Her şeye çare bulundu, büyük bedenler için butikler bile var ama 37 beden üretmek kimsenin aklına gelmiyor. Bak ayakkabıda çözdüler olayı. Nitekim senelerdir 36 dediğim ayak 35,5’muş.
Ayakkabı deyince o 9 west’e bir temiz küfredesim var. Kardeş ayak küçük ama taraklı, niçin kalıplarını biraz geniş tutmuyorsun? Ayrıca bir babete 137 tl verdikten sonra ben o babeti giyer miyim sokağa yavrım. Bir de indirimli fiyatı bu. Sen sezon başı şişir fiyatları sonra gerçek fiyatına indir. Yedim mi yemedim tabii.. İlker’in ısrar kıyametine rağmen an itibariyle ayakkabım yok, a dostlar.
Neyse pantolon diyordum. Çok pis koydu 38 beden olmak. En son hamileliğimin ortalarına doğru böyle bir 38 beden şokuna girmiştim. Neyse, mağazadan çıkıp Hisarönü’ne yürüyüp balık malzemeleri alışverişi yapan İlker’le buluşmam lazım. Beni on kadar pantolonla giyinme kabinine yolcu eder, benimle helalleşirken, “Hisarönünü bulursun değil mi?” diye sormuştu. “Bana ? Benim gibi kadına? Ulen sen ananın eline yapışmış bir elma şekeri ile kandırılıp Kemeraltına alışverişe getirildiğinde ben en ücra sokaklarını avucumun içi gibi biliyordum. Bir defa kaybolmadım be! PEH!” şeklinde bir bakış atmışım, cevabı beklemeden vınladı.
Gel gör ki, bulamıyorum Hisarönünü. Aklım götümde tabii. Evet 38 beden olmuş götümde. Ulen ben 38 beden giyecek kadın mıydım be! Diye diye… bir güzel yolumu kaybettim. İlker’i arayıp kayboldum da diyemiyorum. Kaldım öyle… Esnafa bile sorup yiğitliğe bok sürdürmemek şahsi tercihim tabii ki… Zira bu yaşıma geldim katiyen Kemeraltında yer adres sormam. Koklayarak bulurum. Vallahi bak, bana biri bir yeri sorsa, katiyen tarif edemem. Ama alır seni o adrese götürürüm, elimle koymuş gibi adresi bulurum. Zaten götüm büyümüş, bir de üstüne Kemeraltında yer tarif ettirirsem, depresyona girerim şerefsizim!

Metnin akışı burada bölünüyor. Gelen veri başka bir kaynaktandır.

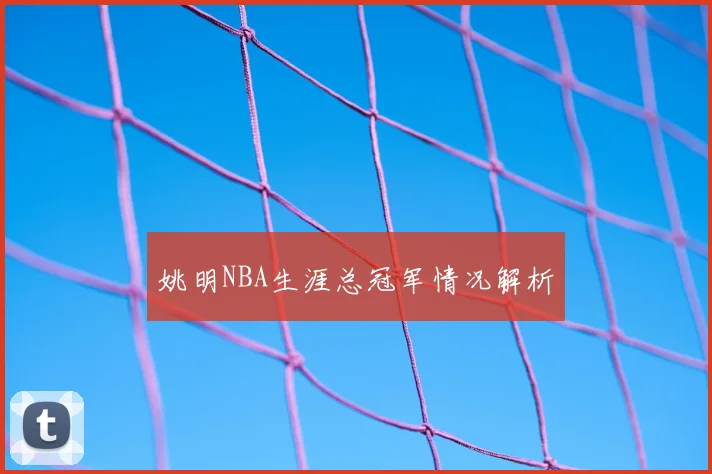 姚明NBA生涯总冠军情况解析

Döne döne buldum tabii ki… Ama hala İlker’e kısa süreli kaybolduğumdan bahsetmedim zira ömrü yeterse Arca’nın torunlarına bile anlatabilir.
10 yorum:
Hahahahahah :D Ben tam bir 38 beden olamamış biri olarak sana sonsuz katılıyorum. Götüm 38i doldurmuyor, Beli yan simitlerden ötürü çılgın oturuyor. Sırf bu sebepten pantolon falan almıyorum. Yazıklarım olsun firmalara. :D
French Kiss'in ardından uzunca bir süre taklit etmiştim ben de Meg Ryan tarzını :) Çok çok beğendiğim, şimdi okuyup hatırlayınca bile gülümseten bir filmdir benim için.
O babetlerin fiyatlarına ben de deli oluyorum bu arada!

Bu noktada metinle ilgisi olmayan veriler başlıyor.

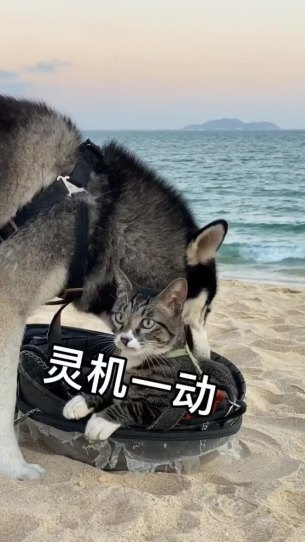 主封面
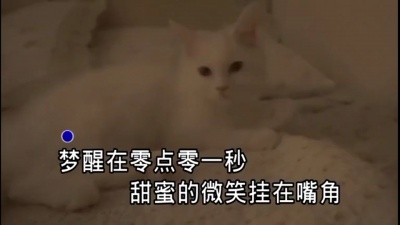 孙艺玲 - 做你的猫 (KTV版)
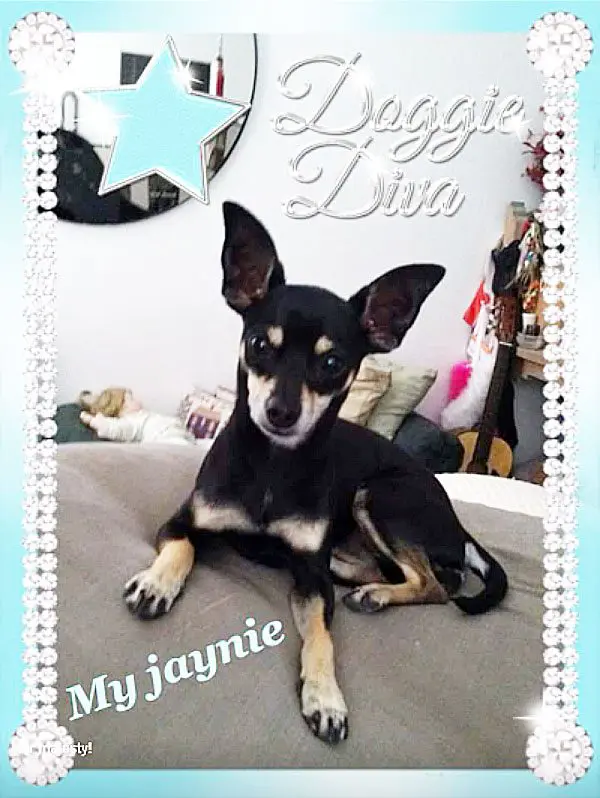 jaynie famous chi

kış diyedir o kuzum.. şimdi bahar verdin erir o popo merak etme.. hem bu kumaş pantolonların çamaşır gösterme merakına sinir oluyorum ben ya..leyn gizlemek için giyoruz seni ne diye malı ortaya döküyorsun..

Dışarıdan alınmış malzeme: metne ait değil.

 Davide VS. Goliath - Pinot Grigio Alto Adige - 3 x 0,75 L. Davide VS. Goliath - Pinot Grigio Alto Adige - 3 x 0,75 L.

Ah ah benimde bir 40 beden beyaz pantolonum var benettondan hemde ama hurcun derinliklerine gömdüm kendisini , hala cıkarmaya cesaret edemiyorum , hele şu son hafta çikolata yeme konusunda deliliğe vardırmışken olayı .
Bu yazda beyaz pantolonsuz gecer diyen arkadasların var bak:)
ilker bloğu okumuyor mu kuzum :))))
Aynı durum ya bel 36, popo 38 üzerime tam olan kumaş pantolon hiç bulamam. Kardeşim bu kotta oluyorda neden kumaşta olmuyor...:))
Aynı durum ya bel 36, popo 38 üzerime tam olan kumaş pantolon hiç bulamam. Kardeşim bu kotta oluyorda neden kumaşta olmuyor...:))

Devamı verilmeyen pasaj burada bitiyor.